MySQL: Connection Failure
^^^^^^^^^^^^^^^^^^^^^^^^^
Problem: While importing a MySQL table into Sqoop, if you do not have
the necessary permissions to access your MySQL database over the network,
you may get the below connection failure.
----
Caused by: com.mysql.jdbc.exceptions.jdbc4.CommunicationsException: Communications link failure
----
Solution: First, verify that you can connect to the database from the node where
you are running Sqoop:
----
$ mysql --host=<IP Address> --database=test --user=<username> --password=<password>
----
If this works, it rules out any problem with the client network configuration
or security/authentication configuration.
Add the network port for the server to your my.cnf file +/etc/my.cnf+:
----
[mysqld]
port = xxxx
----
Set up a user account to connect via Sqoop.
Grant permissions to the user to access the database over the network:
(1.) Log into MySQL as root +mysql -u root -p<ThisIsMyPassword>+.
(2.) Issue the following command:
----
mysql> grant all privileges on test.* to 'testuser'@'%' identified by 'testpassword'
----
Note that doing this will enable the testuser to connect to the
MySQL server from any IP address. While this will work, it is not
advisable for a production environment. We advise consulting with your
DBA to grant the necessary privileges based on the setup topology.
If the database server's IP address changes, unless it is bound to
a static hostname in your server, the connect string passed into Sqoop
will also need to be changed.
Oracle: ORA-00933 error (SQL command not properly ended)
^^^^^^^^^^^^^^^^^^^^^^^^^^^^^^^^^^^^^^^^^^^^^^^^^^^^^^^^
Problem: While working with Oracle you may encounter the below problem
when the Sqoop command explicitly specifies the --driver
<driver name> option.
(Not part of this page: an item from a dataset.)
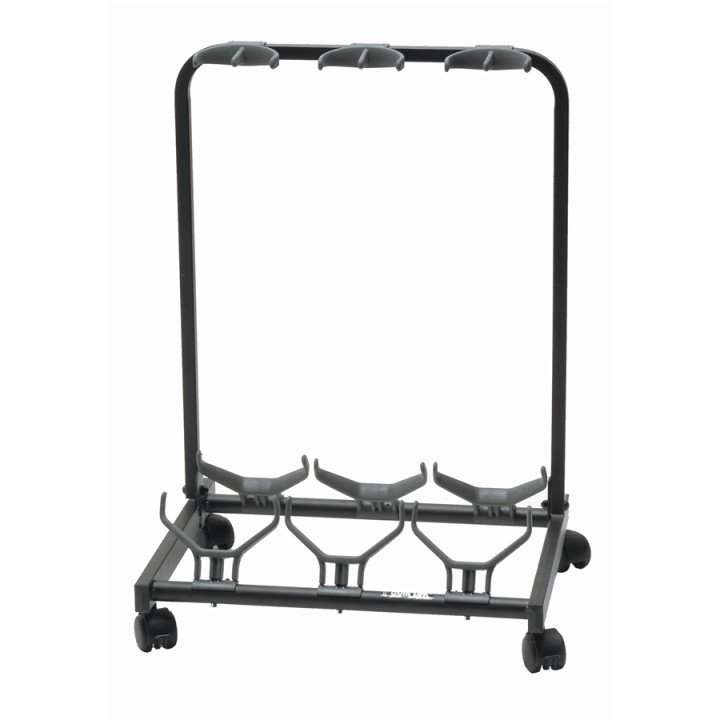 Quiklok Gs/430 | Merula Strumenti Musicali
When the driver option is included in
the Sqoop command, the built-in connection manager selection defaults to the
generic connection manager, which causes this issue with Oracle. If the
driver option is not specified, the built-in connection manager selection
mechanism selects the Oracle specific connection manager which generates
valid SQL for Oracle and uses the driver "oracle.jdbc.OracleDriver".
----
ERROR manager.SqlManager: Error executing statement:
java.sql.SQLSyntaxErrorException: ORA-00933: SQL command not properly ended
----
Solution: Omit the option --driver oracle.jdbc.driver.OracleDriver and then
re-run the Sqoop command.
MySQL: Import of TINYINT(1) from MySQL behaves strangely
^^^^^^^^^^^^^^^^^^^^^^^^^^^^^^^^^^^^^^^^^^^^^^^^^^^^^^^^
Problem: Sqoop is treating TINYINT(1) columns as booleans, which is for example
causing issues with HIVE import. This is because by default the MySQL JDBC connector
maps the TINYINT(1) to java.sql.Types.BIT, which Sqoop by default maps to Boolean.
Solution: A more clean solution is to force MySQL JDBC Connector to stop
converting TINYINT(1) to java.sql.Types.BIT by adding +tinyInt1isBit=false+ into your
JDBC path (to create something like +jdbc:mysql://localhost/test?tinyInt1isBit=false+).
Another solution would be to explicitly override the column mapping for the datatype
TINYINT(1) column. For example, if the column name is foo, then pass the following
option to Sqoop during import: --map-column-hive foo=tinyint. In the case of non-Hive
imports to HDFS, use --map-column-java foo=integer.